As illustrated, the two shutoff valve shutters 6, 7 may be arranged in parallel (see
For example, the two shutoff valve shutters 6, 7 may be controlled by at least one same pushrod, and notably for example via two mobile pushrods 13, 18 in series, controlled by the first manual control member 9 and by the second manual control member 8.
For example, actuation of the first manual control member 9 (for example a first lever 9 pushed toward the body 2 or, respectively, pulled so that it moves away from the body 2) moves the pushrods 13, 18 over a first travel actuating the opening of a first 6 of the two valve shutters into a position in which the circuit 3 is open with the second bore section S2. Subsequent movement of the second manual control member 8 (a second lever 8 pulled up/away from the body 2 for example) moves the pushrods 13, 18 over a second travel actuating the opening of the second 7 valve shutter into a position in which the circuit 3 is open with the first bore section S1.

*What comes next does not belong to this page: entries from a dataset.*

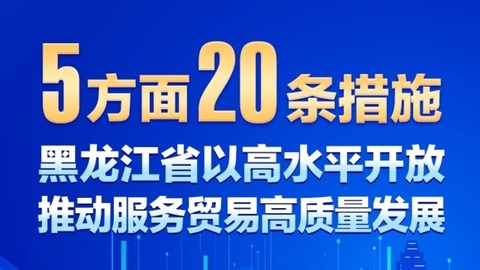 圖解|黑龍江省以高水平開放推動(dòng)服務(wù)貿(mào)易高質(zhì)量發(fā)展若干措施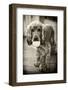 Dog Breeds - Cocker Spaniel - Puppies - English Cocker-Philippe Hugonnard-Framed Photographic Print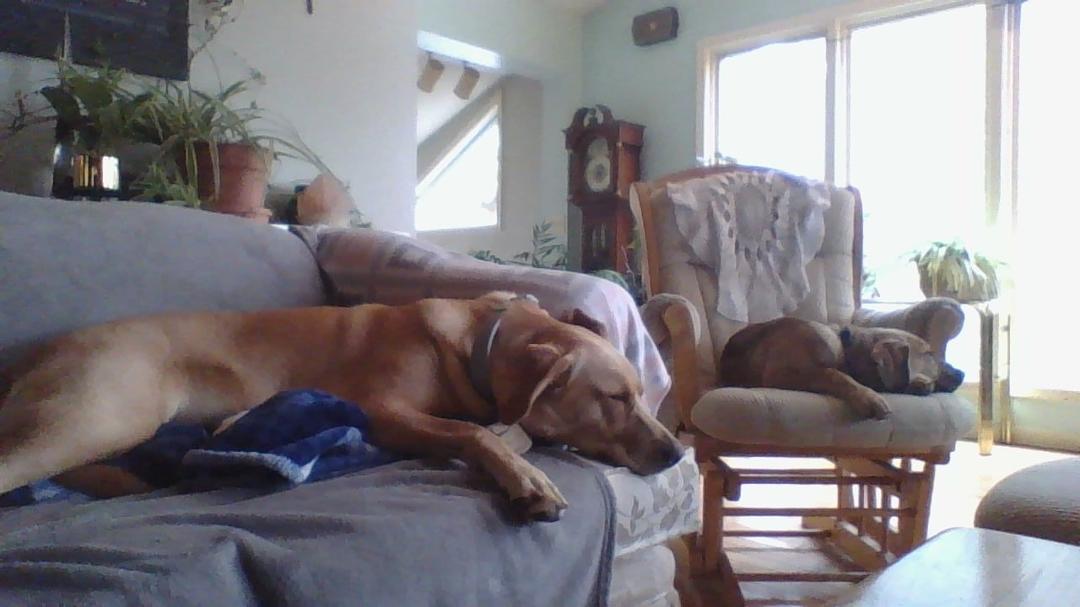 The pup on the rocker Is our new baby Bo Bear. He's 14 weeks, Lucy is our friends dog Lucy, she's almost 2. I think he will be BIG!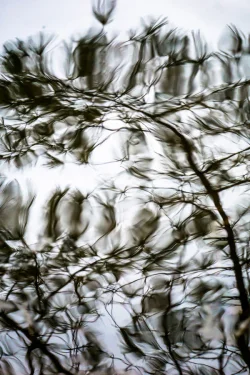 Ripples Water Photo: Northern Woodlands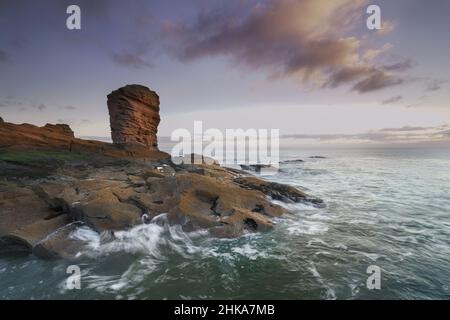 Deils heid auch bekannt als der Teufelskopf, Arbroath, Angus, Schottland., Stockfoto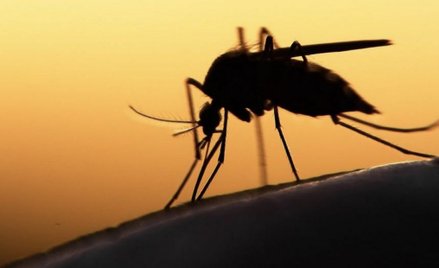 Poseł PiS chce, by wojska chemiczne pomogły z komarami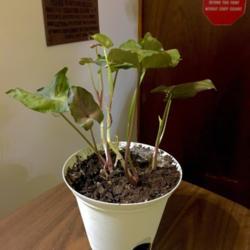 Location: Our apartment
Date: 2017-09-14
This syngonium was only two inches tall two months ago; now it's 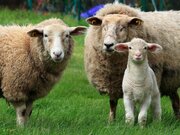 قیمت محصولات کشاورزی در تابستان ۱۴۰۲ /  گوسفند زنده ۱۶۰ درصد گران شد!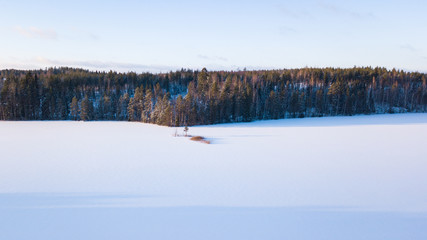 Fototapeta na wymiar Winter in Finland, snow and forest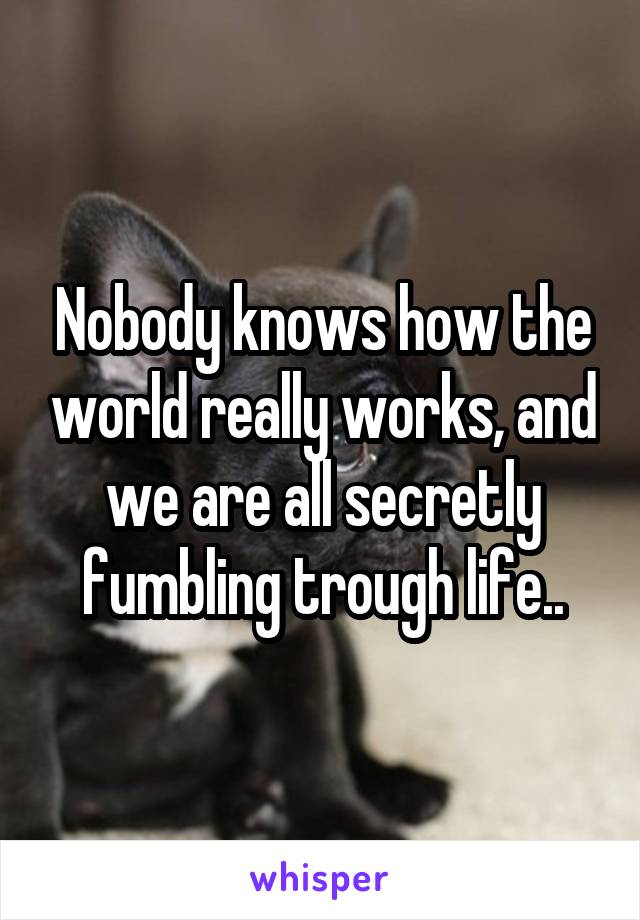 Nobody knows how the world really works, and we are all secretly fumbling trough life..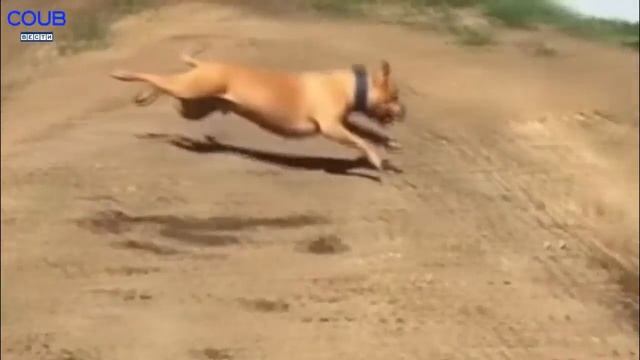 Black Coub Лучшее  2017 ПРИКОЛЫ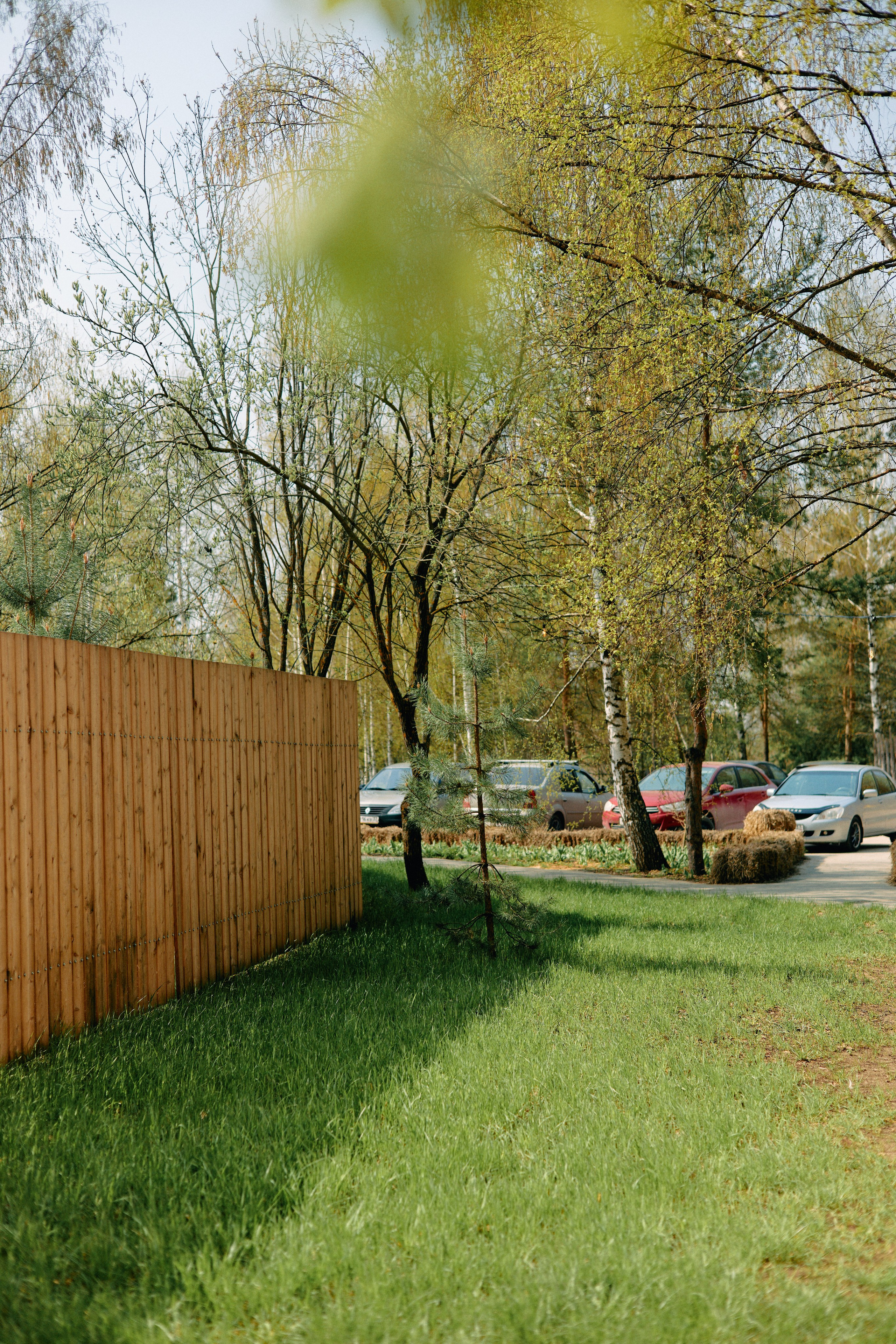 Бутик-отель Поле летом. Профессиональный Фотограф во Владимире, в Москве и в Суздале — Полина Романычева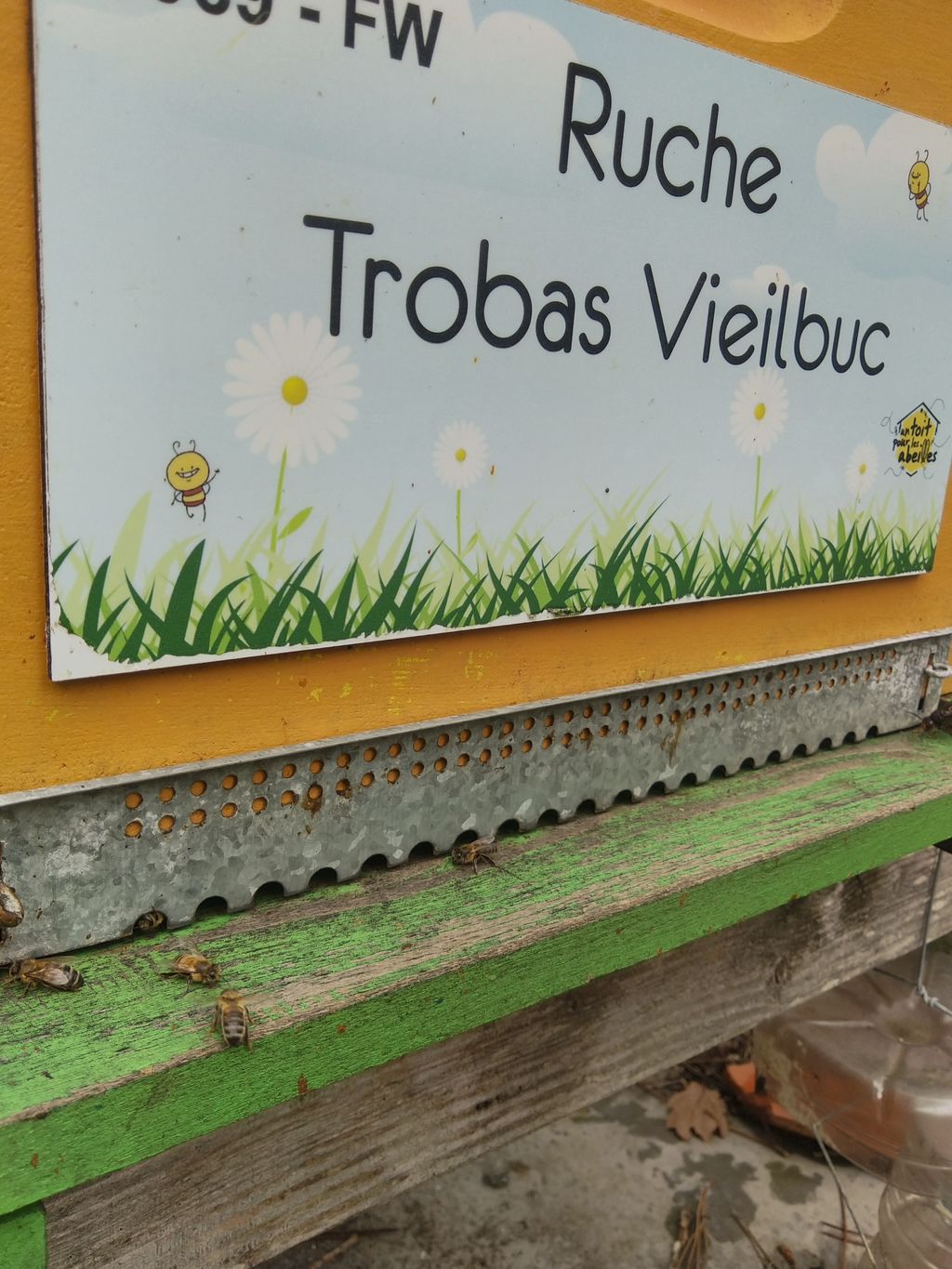 La ruche Trobas Vieilbuc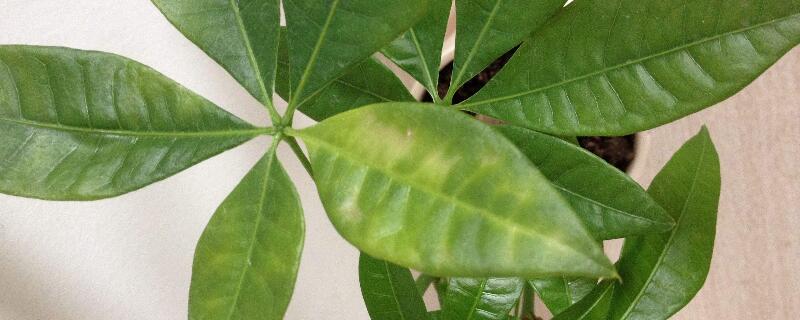 发财树叶子变黄（发财树叶子变黄落叶怎么办）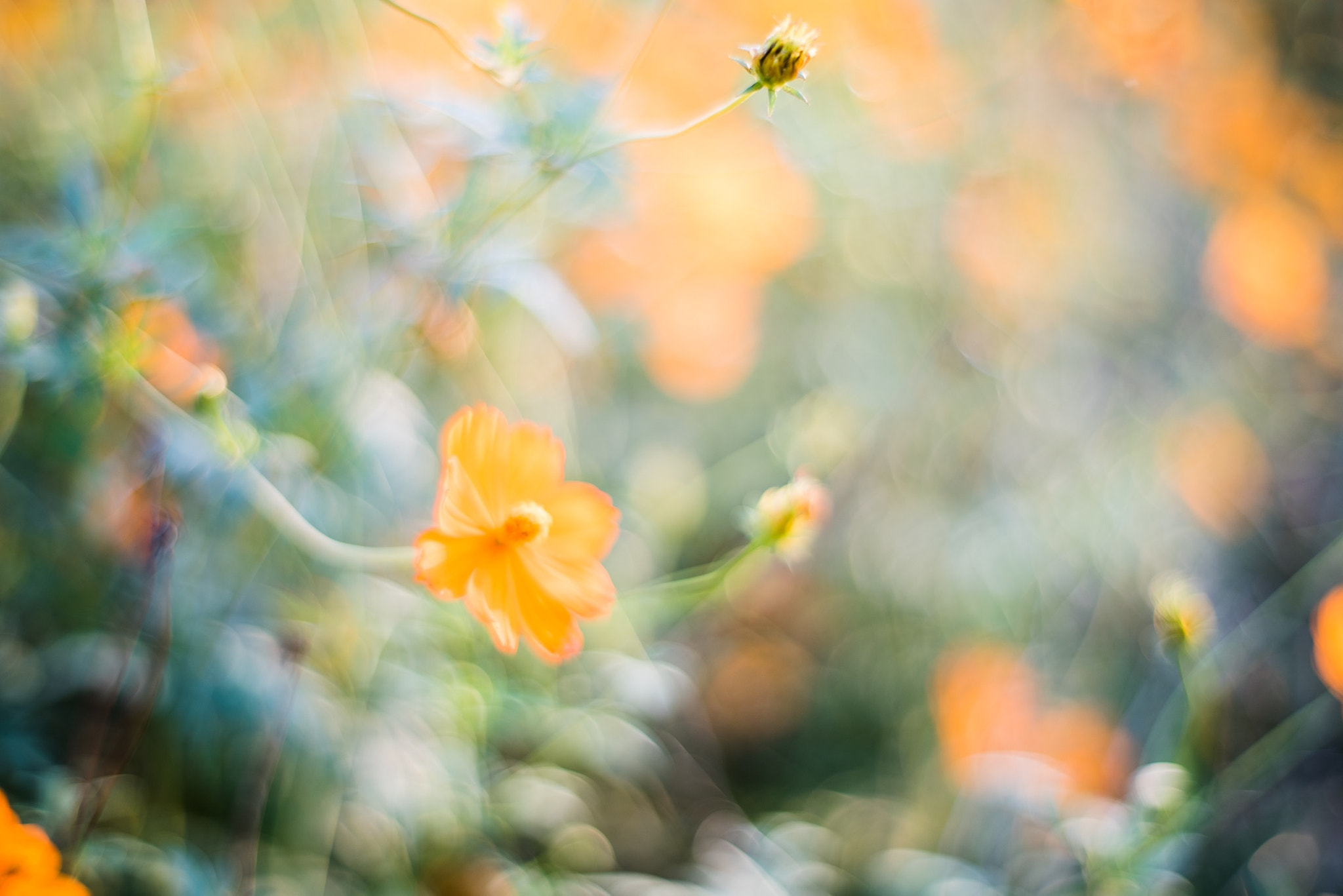 ZEISS Planar T* 50mm F1.4 sample photo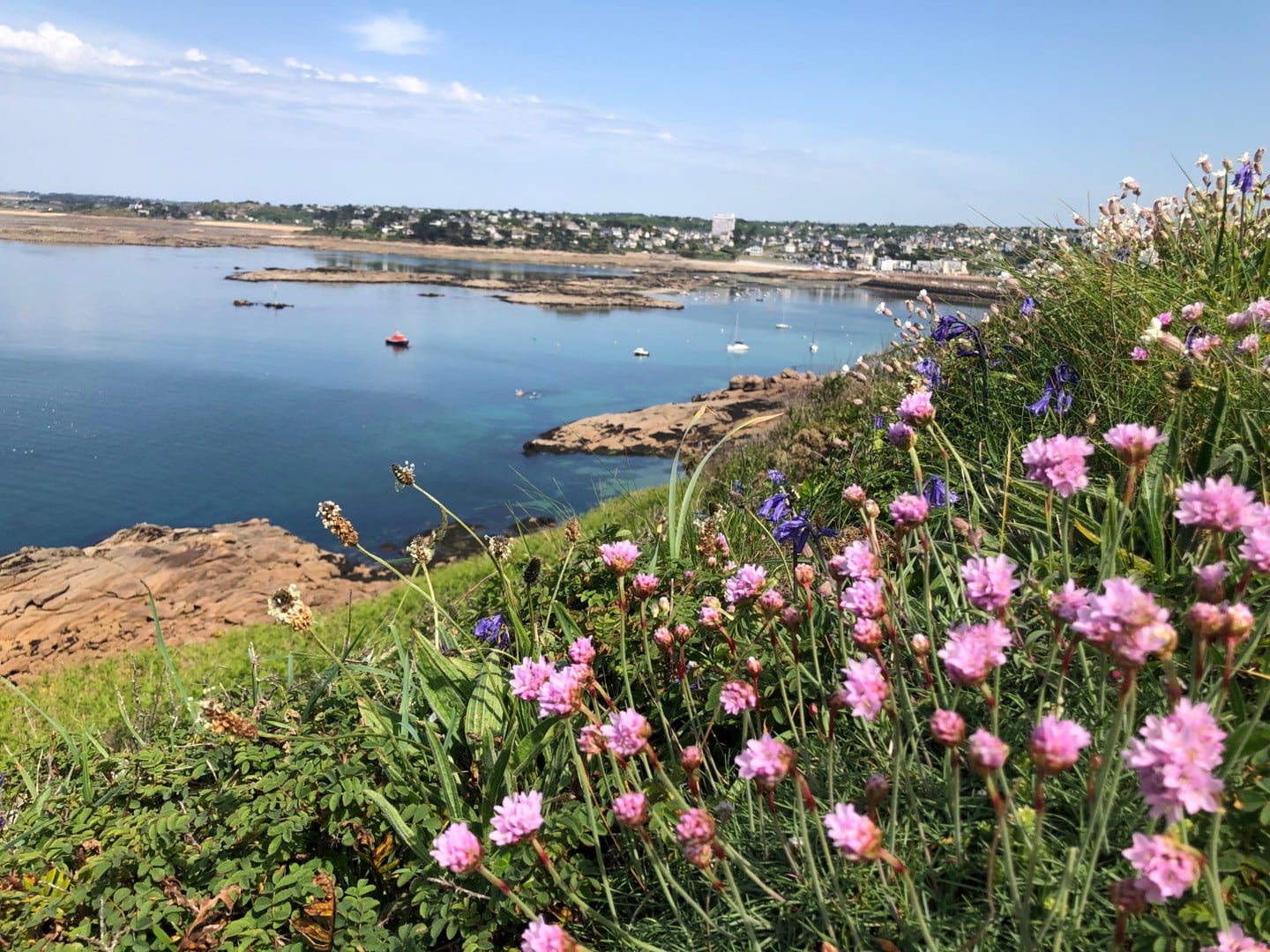 Ile Milliau – Découverte et pique-nique en anglais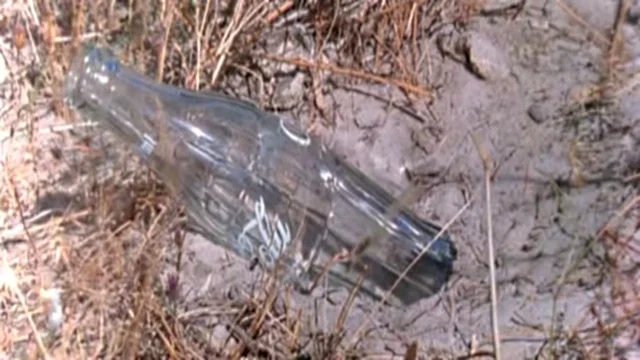 Photo 2 du film : Les dieux sont tombés sur la tête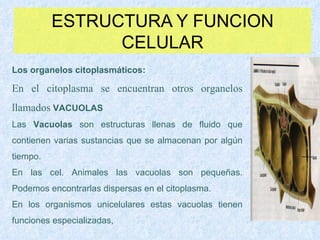 ESTRUCTURA Y FUNCION CELULAR Los organelos citoplasmáticos: En el citoplasma se encuentran otros organelos llamados  VACUOLAS Las  Vacuolas  son estructuras llenas de fluido que contienen varias sustancias que se almacenan por algún tiempo. En las cel. Animales las vacuolas son pequeñas. Podemos encontrarlas dispersas en el citoplasma.  En los organismos unicelulares estas vacuolas tienen funciones especializadas,  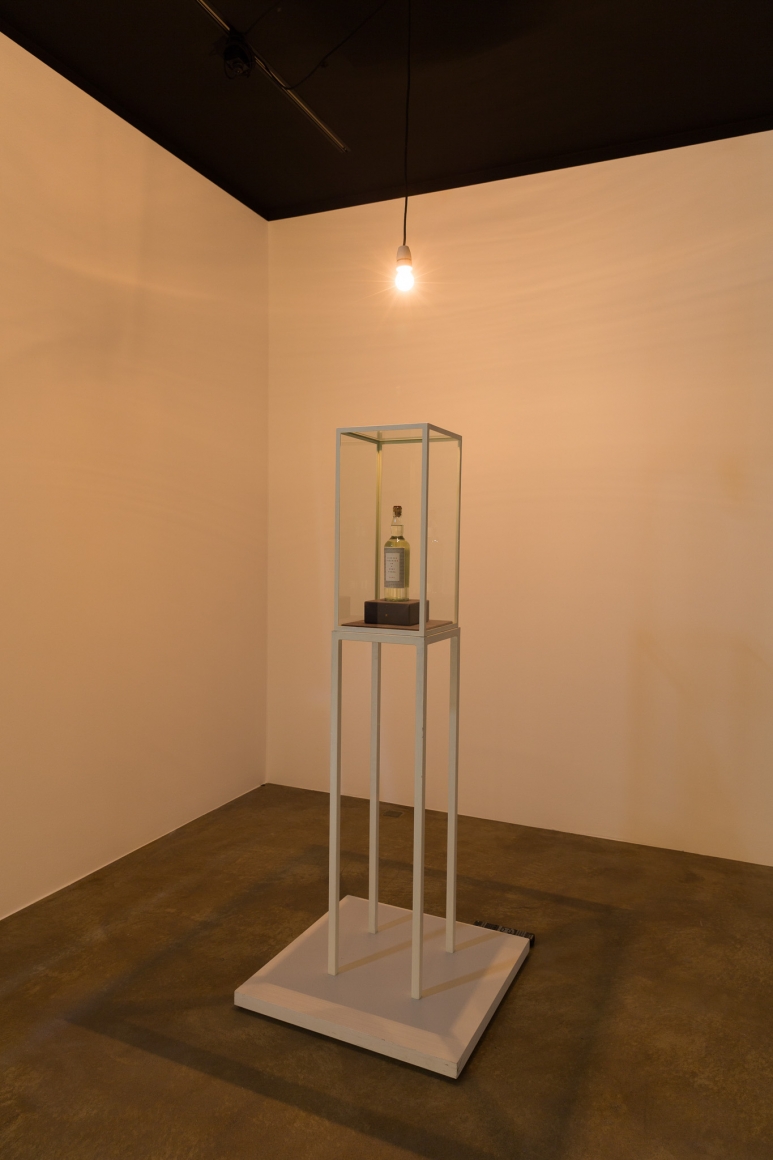Rodney Graham, Installation view: Sammlung Goetz, München, 2016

As a preference, the movement of the second manual control member 8 from its rest position toward its active position describes a movement of a different nature or in a distinct direction, notably in an opposite direction, compared with the movement of the first manual control member 9 moving from its rest position toward its actuated position. Of course, the direction of actuation or of movement of the actuator 9 (first control member 9) from its locked position toward its unlocked position may be identical or similar to the direction of actuation or of movement of the control lever 8 from its rest position toward its active position. For example, in order to lift the lever 8 (to move it away from the body) it is necessary beforehand to lift the actuator 9 (move it away from the body) likewise by a determined distance, for example a few centimeters. These two movements (lever 8 and actuator 9) may be parallel. The axes of rotation of the lever 8 and of the actuator 9 may notably be parallel. Likewise, the return of the actuator 9 to its locked position and the return of the lever 8 to its closed position may describe movements that are identical or identical directions (for example toward the body in this example).
Of course, the lever 8 and the actuator 9 may as an alternative have distinct movements (movements that are not parallel and/or that are different in nature rotation/translation etc.).
Thus, the movements of the lever 8 and of the actuator 9 may be rotations in the same direction or in opposite directions.
For example, when the actuator 9 has to be pulled in order to pass from its locked position to its unlocked position, in its first locked position the actuator 9 may have an end for grasping that lies along or facing the front face of the body 2 of the valve 1 (for example at a distance of between zero and 4 to 5 cm, and notably of between 1 and 3 cm away). In the unlocked position, this end may be separated by 1 to 6 cm (or more from the front face of the body 2 of the valve 1), for example separated by 3 to 5 cm from the front face of the body of the valve 1. Conversely, in the case of an actuator 9 which needs to be pushed (toward the body 2 of the valve), the locked position may be separated by 1 to 6 cm from the body of the valve, and the unlocked position may be separated from the body 2 by zero to 3 cm. In its locked position and/or in its unlocked position, the actuator 9 (or at least a portion for grasping thereof) may have the same separation with respect to the body 2 of the valve as the control member 8 (or a portion for grasping thereof) which is in its rest position. In the closed position, the first valve shutter 6 may sealingly close the circuit 3.
In the closed position, the second valve shutter 7 may non-sealingly close the circuit 3. What that means to say is that the second valve shutter 7 has a calibrated orifice defining the second bore section S2 of the circuit 3.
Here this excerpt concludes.